Duchossois Industries Acquires AMX for $22.50 Per Share
Feb 15, 2005 11:57 AM
AMX and Duchossois Industries have announced that they have entered into a definitive agreement in which an affiliate of Duchossois will acquire AMX. Under the terms of the agreement, AMX shareholders will receive $22.50 per share in cash, a 28 percent premium over the average closing price of AMX’s common stock for the 90 trading days ended Feb. 14, 2005. The total transaction is valued at approximately $315 million. The Duchossois affiliate is expected to commence a tender offer for all of AMX’s outstanding common stock within the next five business days which will, subject to extension in certain cases, remain open for 20 business days following the commencement of the offer.

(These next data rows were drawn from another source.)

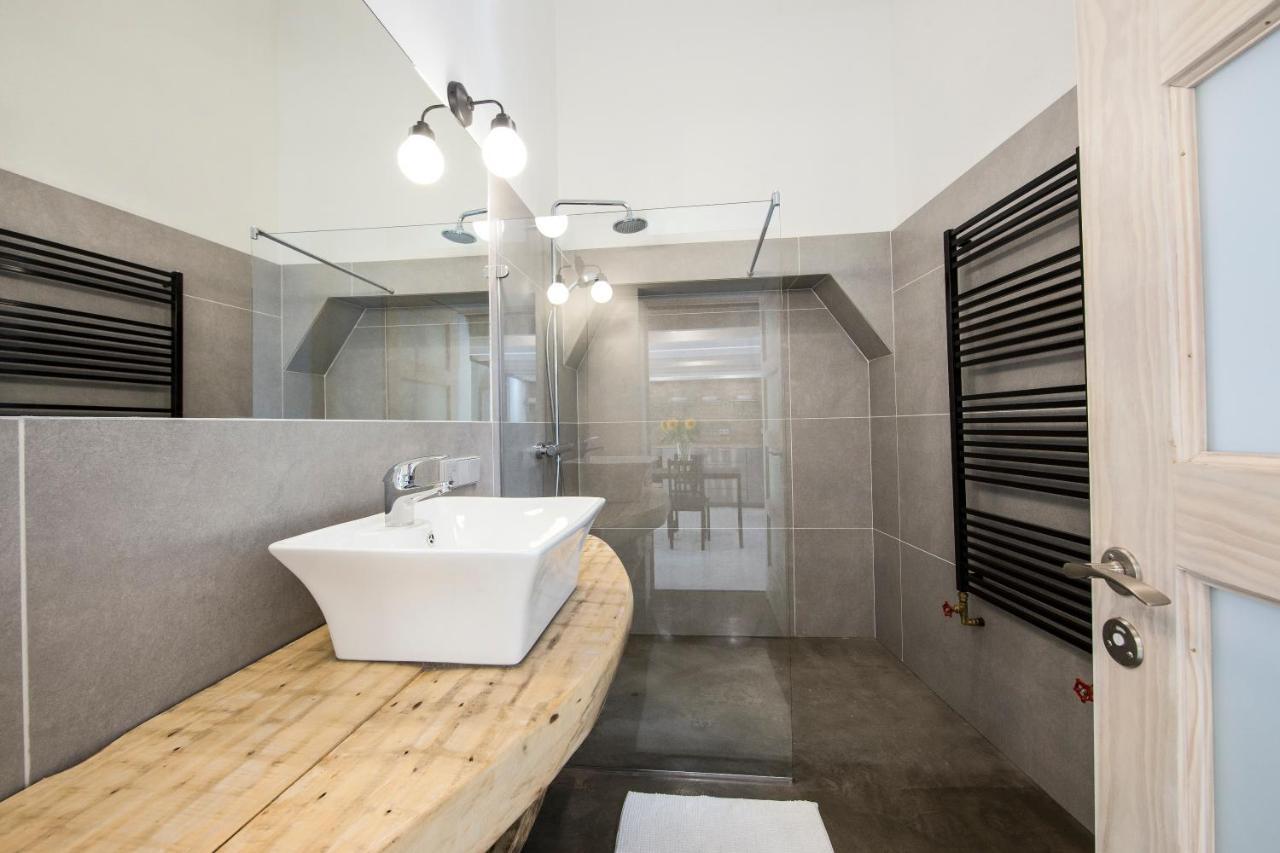 Stylish Studio Apartment In The Heart Of รีกา ภายนอก รูปภาพ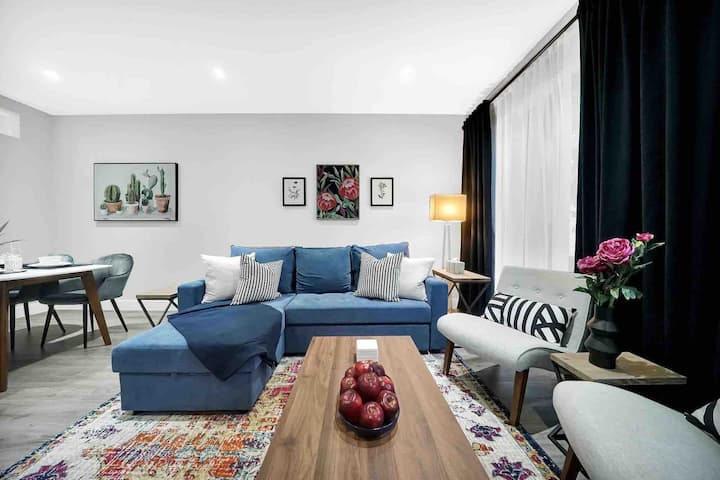 Stylish One Bedroom Apartment 15 Mins To Downtown Apartments For Rent In Vancouver British Columbia Canada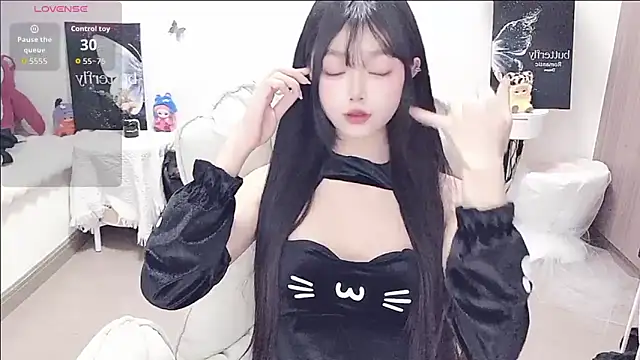Snapshot of -EEBABY chatting on 05/11/26, 05:43 -EEBABY online show from 05/11/26, 05:43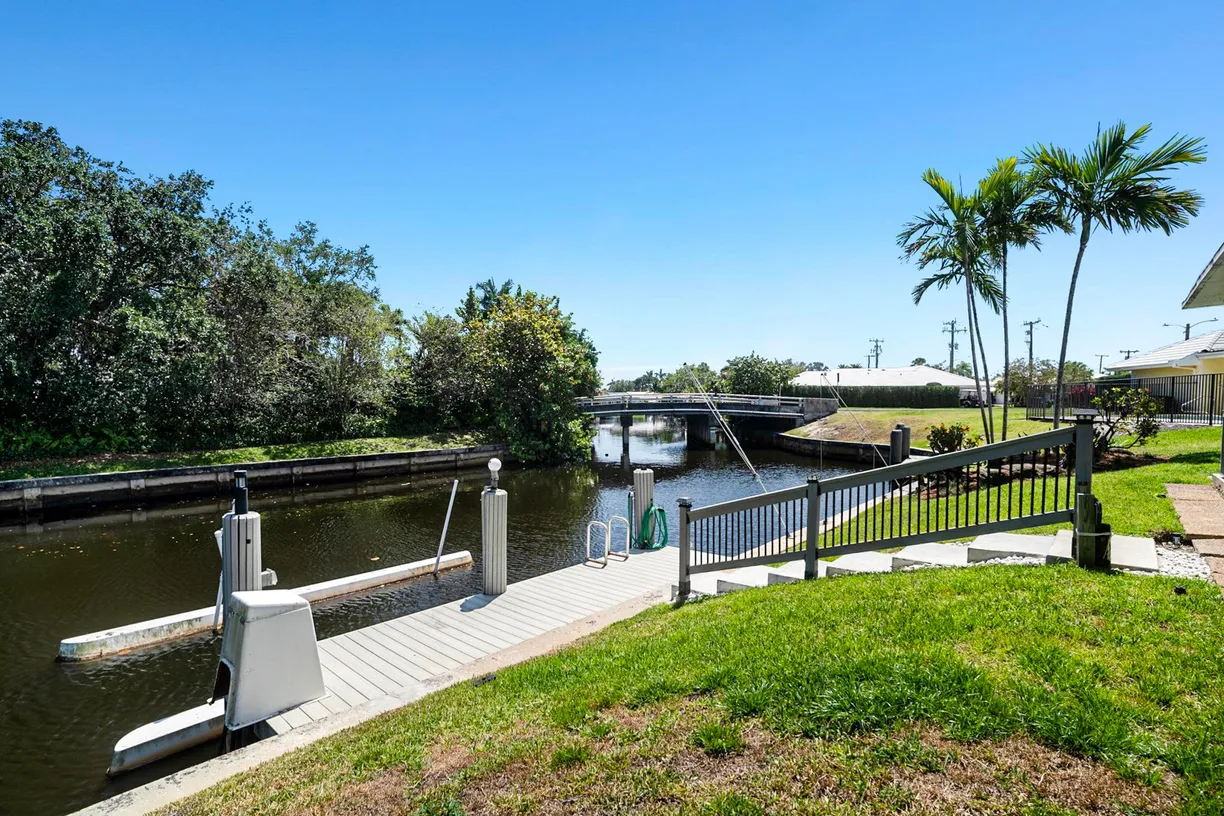 South Florida Real Estate | View 1000 SW Mulberry Way | Listing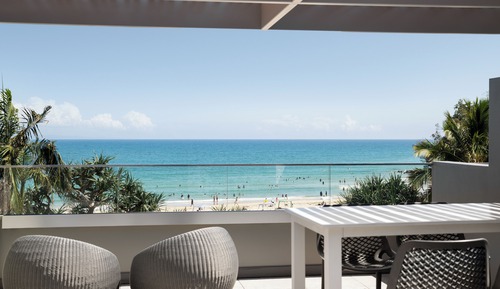 One Bedroom Beachfront Rooftop Terrace Apartment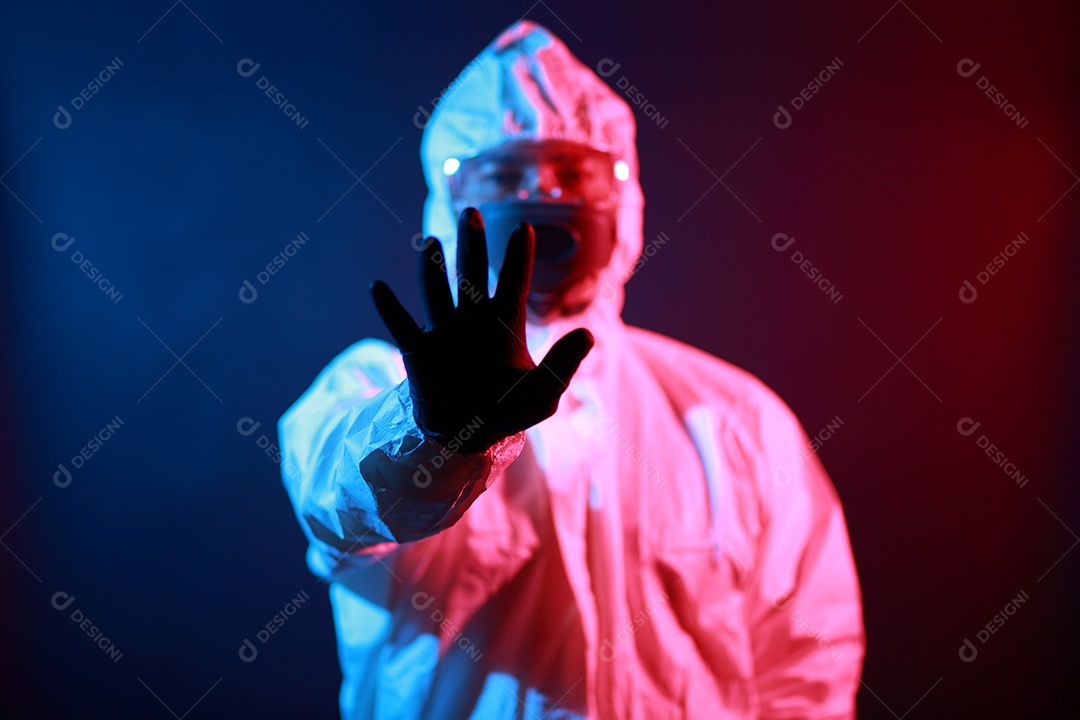 Cientista no vestuário de proteção no laboratório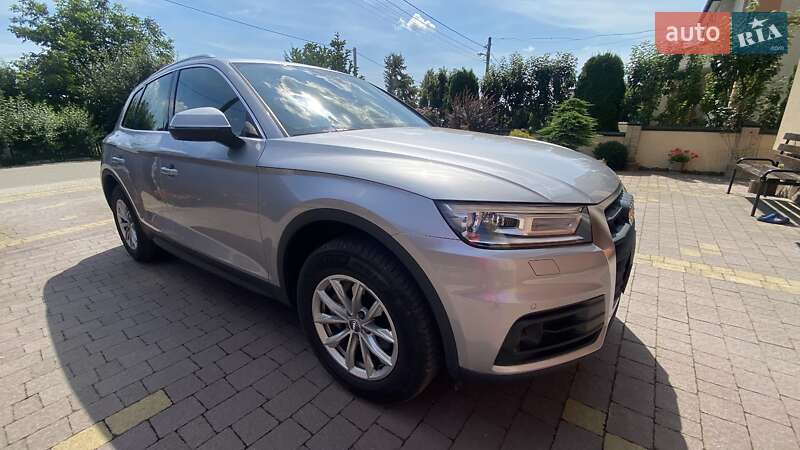 Позашляховик / Кросовер Audi Q5 2018 в Львові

“The AMX Board of Directors and management team have determined that the Duchossois offer is the best approach to maximize shareholder value,” said Bob Carroll, AMX president and CEO. “The agreement signed with Duchossois provides shareholders an excellent return on their AMX stock investment. Just two years ago, AMX had a market capitalization of approximately $12 million and is today valued at approximately $315 million through the Duchossois offer. This clearly is a win for our shareholders.”
The AMX board of directors has unanimously approved the transaction. Consummation of the tender offer is conditioned upon matters customary in similar transactions. The parties expect Duchossois’ acquisition of AMX to be completed during the second calendar quarter of 2005. Following the Duchossois affiliate’s acquisition of at least a majority of AMX’s fully diluted outstanding shares in the tender offer, the Duchossois affiliate will merge with and into AMX, with any shares not tendered in the tender offer being converted into the right to receive $22.50 per share in cash, and employee stock options being exchanged for $22.50 per share in cash less the exercise price of such options. AMX will continue to be headquartered in Richardson, Texas, and will maintain the AMX name and brand. The AMX management team, along with its employees, will remain in place following the acquisition, and business operations will continue as usual.

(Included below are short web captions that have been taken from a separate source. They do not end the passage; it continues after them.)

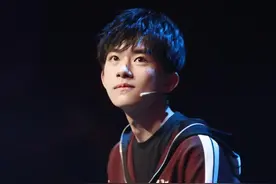 王俊凯中考成绩被扒，黑粉控其“暗箱操作”，反被小凯班主任怒斥图片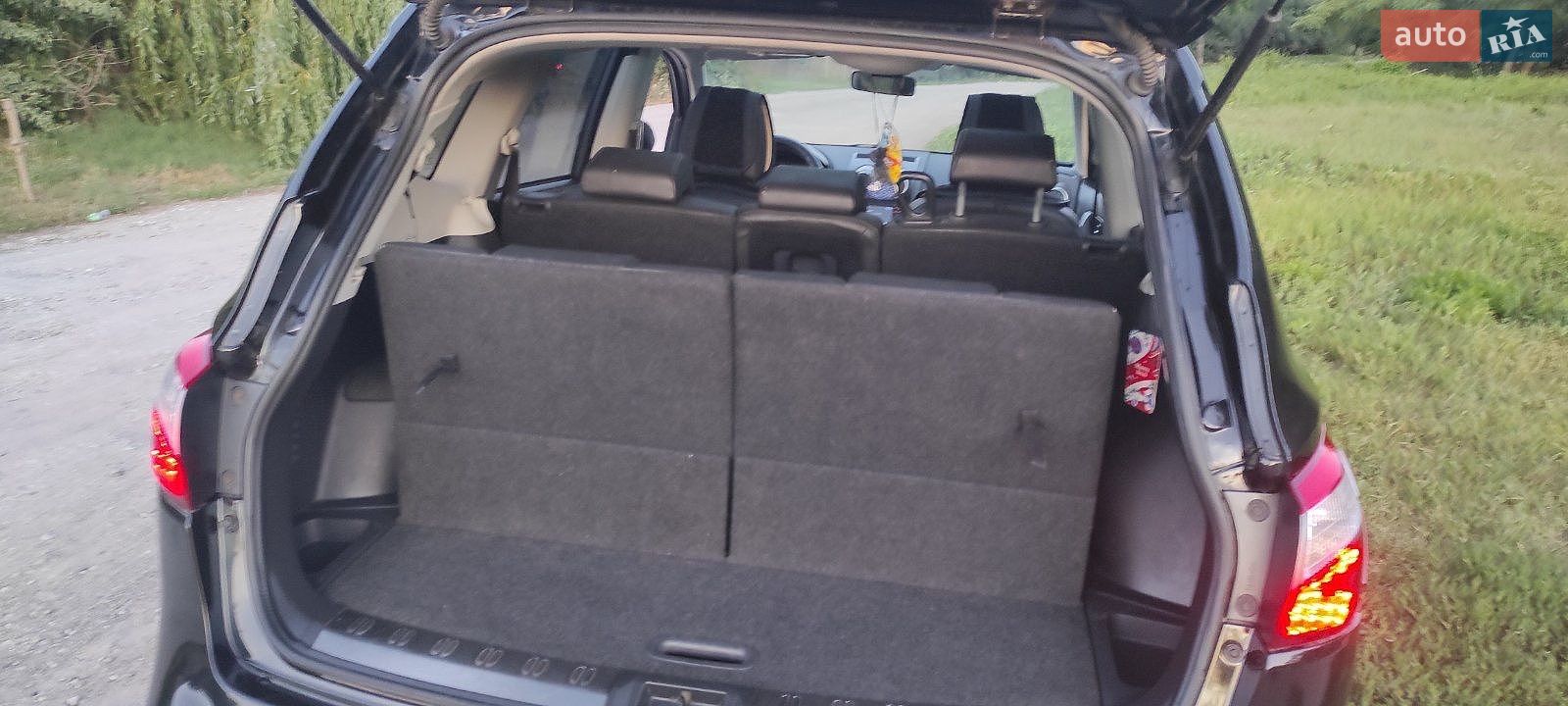 Nissan Qashqai+2 2011 VIN SJNJCAJ10U7050738 фото оголошення 12 з 16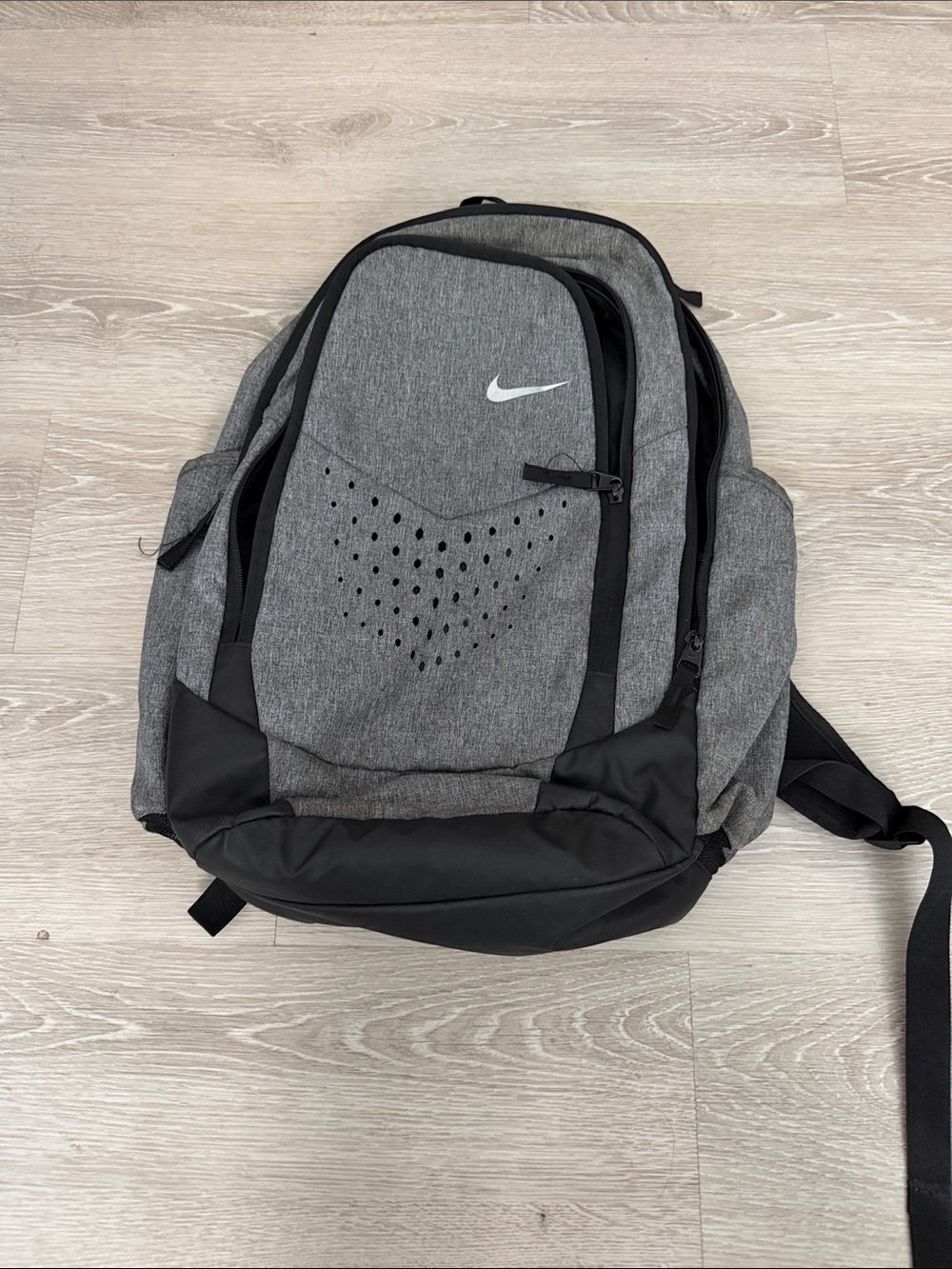 Nike Gray and Black Men's Backpack - Durable Everyday Pack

Shareholders, including AMX’s directors and officers, holding a total of approximately 17.7 percent of the outstanding shares of AMX, have entered into separate agreements in which they have agreed, subject to certain conditions, to tender their shares in support of the transaction.
Carroll added, “AMX is pleased to join Duchossois Industries because of its proven history of building successful businesses. We will continue to build upon the solid platform we have established to grow AMX’s existing business. An alliance with Duchossois will help accelerate new research and development and acquisition programs that will enhance our growing product portfolio. Our proven successes, coupled with Duchossois’ operating experience, relationships, and financial resources, will strengthen our industry leadership position and assure our future growth.”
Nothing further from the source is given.